The decompression of the plane was the second bottleneck, and where the randomness started to get really apparent. Sometimes it seemed like all the terrorists would get sucked out. Sometimes it seemed like none would. Sometimes a bunch of guys would come down the stairs afterward and sometimes they seemed to already be down and waiting for me. Dying here meant doing the whole first room over again, which despite having a strategy for continued to be hit-or-miss.

This is where flashbangs really started to come in handy. I could sit and wait for the blow out before moving forward, but that burned precious seconds. I decided the best thing to do was to flash and move forward before the explosion to maximize forward movement. I could get to the low cover in time to start mowing down the badguys as the ran down the stairs, but had to keep an eye out for the odd baddie that would randomly survive the event and try to kill me from the side/behind.

Once I started to get this down, it became obvious that with the path I was taking and my skill level, I was getting to the stairs at around 25-20 seconds remaining. I felt like I was pretty close to the end, but the home stretch sure is a doozy...

On track to win?

The second floor proved to be my biggest challenge. At this point I had done the first floor over and over, and seemed to have hit a wall in terms of improvement. If I was going to beat this, I had to do it with roughly this much time left. I tried killing guys and moving forward, but would run out of time. I started taking bigger risks, but that would just get my killed. Even when I was lucky, it wasn't enough. It started to really get to me. There are so many guys up here! What the fuck?!

I found that throwing a flash from the stairs was critical. Sometimes my squad would come up with me and sometimes not, but either way if I threw a flash it would give me a chance to get in there and clear it out before dying. If I moved forward aggressively enough it would drag my squad with me to help. I started using even more flashbangs here, since there are a few more to pick up half way through the second floor. Believe me, they are there as a hint. There are way too many terrorists to just run past or kill.

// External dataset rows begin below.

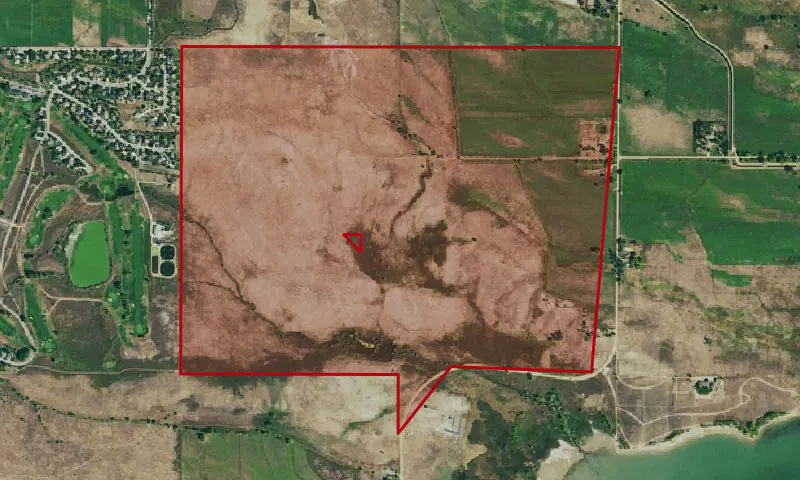 Axelson, West - Open Space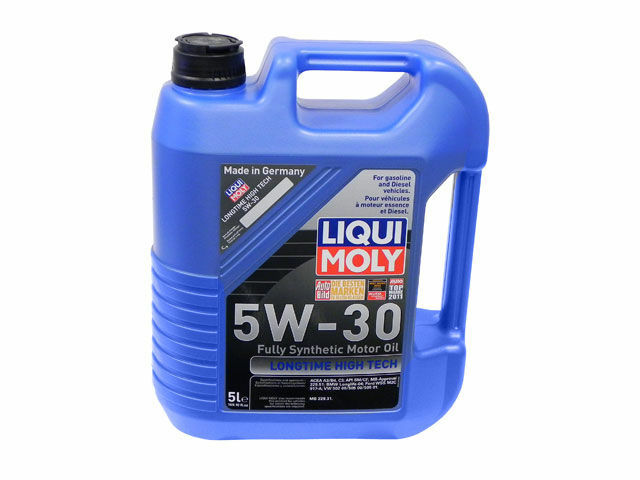 For 2008-2012, 2014-2015, 2017-2018 Audi R8 Engine Oil 63848FW 2009 2010 2011
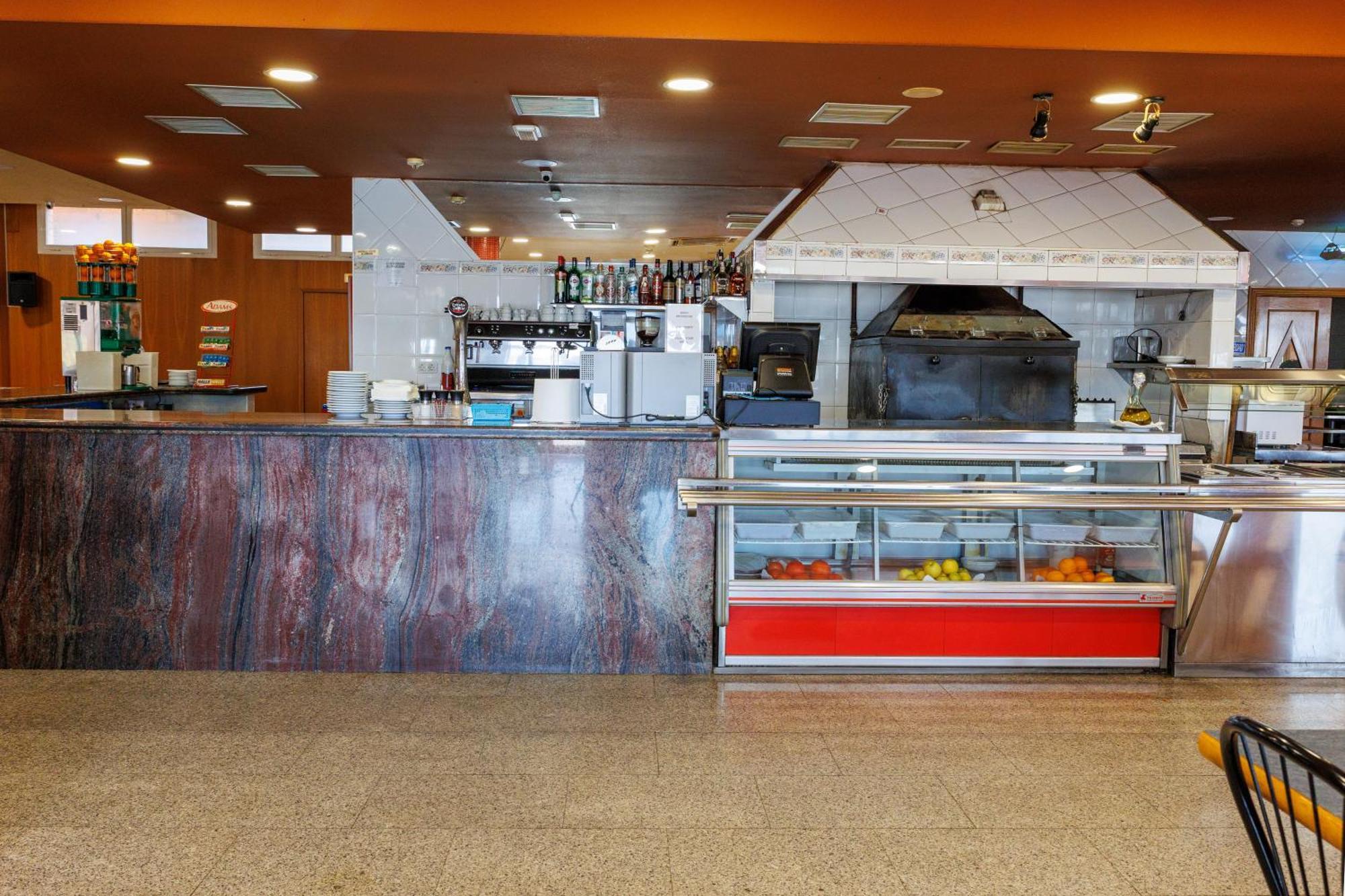 Hotel Restaurant Casa Miquel Alcarraz Экстерьер фото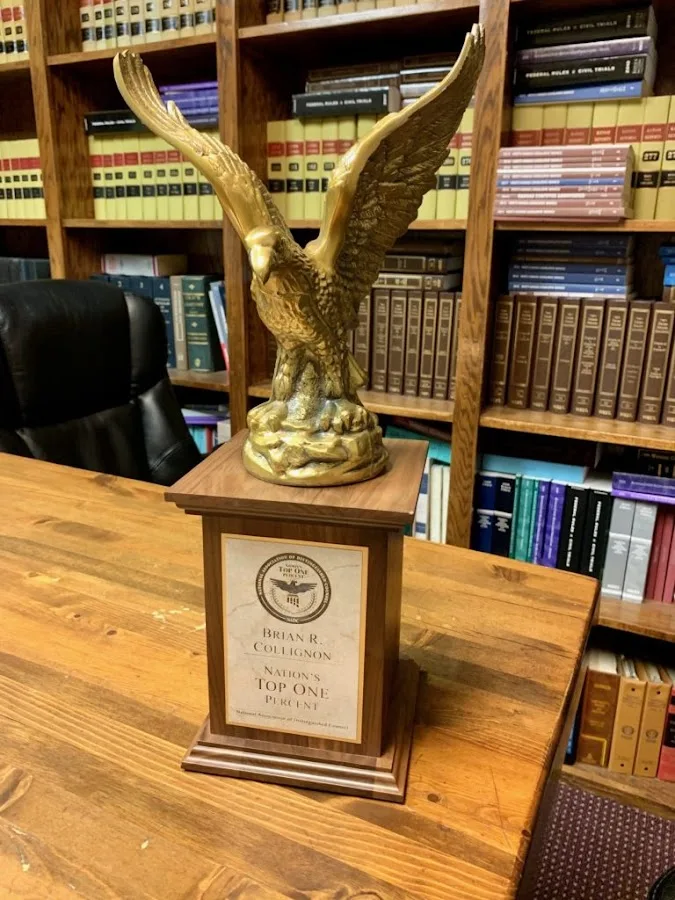 Brian & Brian At Pistotnik Injury Law — image 2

The worst part was when I started to notice how inconsistent the flashbangs seem to be. I would toss one in a room, and half the time it would bllind me even if I looked away. If that wasn't bad enough, it seemed like there was always at least one asshole who had avoided the flash and was waiting to gun me down. I started to hate the flashbangs and their shitty design. Who made these things anyway? AARRRRGGG!!

Finally, I started to make it quasi-consistently to the final hallway. And then run out of time. I started flashing and then just running forward as fast as I could, but the fat fucking terrorists would stagger blindly in the hall and block my way. At this point I was yelling at the TV pretty regularly. MOVE!! WHAT IS WRONG WITH YOU? WHY DO YOU HATE ME?! Whyyyy?

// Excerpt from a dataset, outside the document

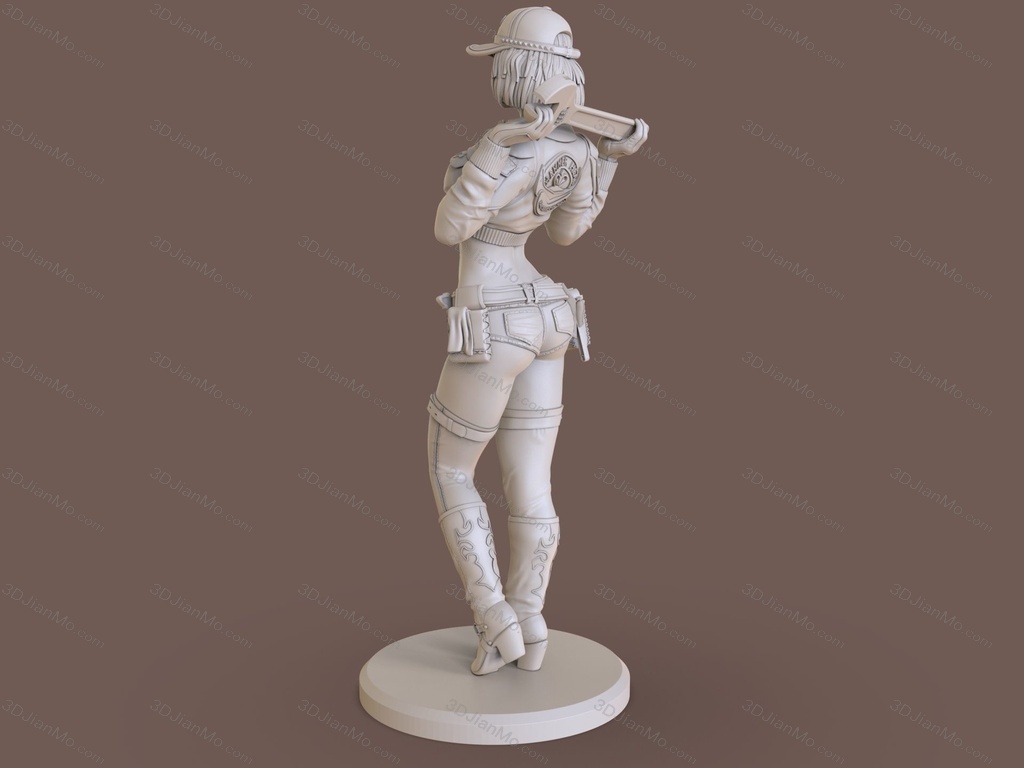 Artifex3d 最终幻想 希德妮·奥拉姆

The breakthrough came with I started picking up a shotgun from one of the flashed-and-shot terrorists at the start of the second floor. If the stars aligned I would get it full of ammo which would save reload time, and then I could run forward and blast anyone that got in the way. I could see the door. Then I could almost reach it.

Then I made it! It opened!

And I missed the shot, killing the hostage.

Twice.

FFFFFFFFFFFFFFFFFFFUUUUUUUUUUU~

But I wouldn't be broken, and after many, many attempts at this damn level, I waited patiently for the last bastard to show this face. I got the headshot after only making it to that point three times. If only I had been more patient the first time, I could have saved myself a few hours of hell.

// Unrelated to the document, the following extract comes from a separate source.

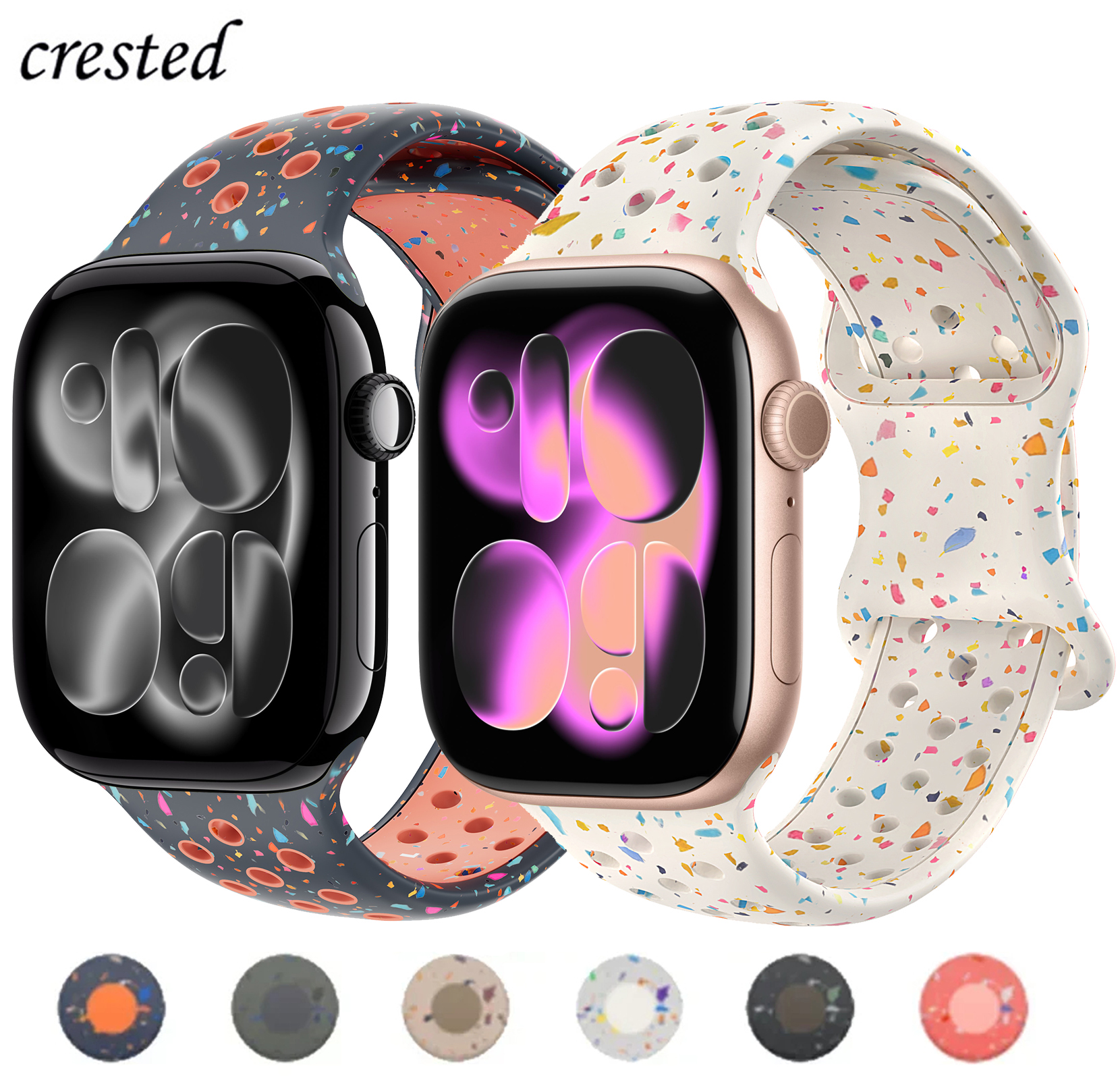 Silicone Strap for Apple watch - Men'S Accessories Nike ulasan dan harga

All in all, I ended up playing the level over and over for quite a while. I want to say around 6 hours total over four sessions. It was pretty hard, and pretty frustrating at times, but also a lot of fun. I highly recommend everyone with the game at least try it, if only to really appreciate Brad's cries of anguish. I hope they do another session - I'd love to see him get it live.

(At the time of this posting, I don't think the achievement has hit my profile yet. Probably because I just got it a few hours ago. I promise I really did it.)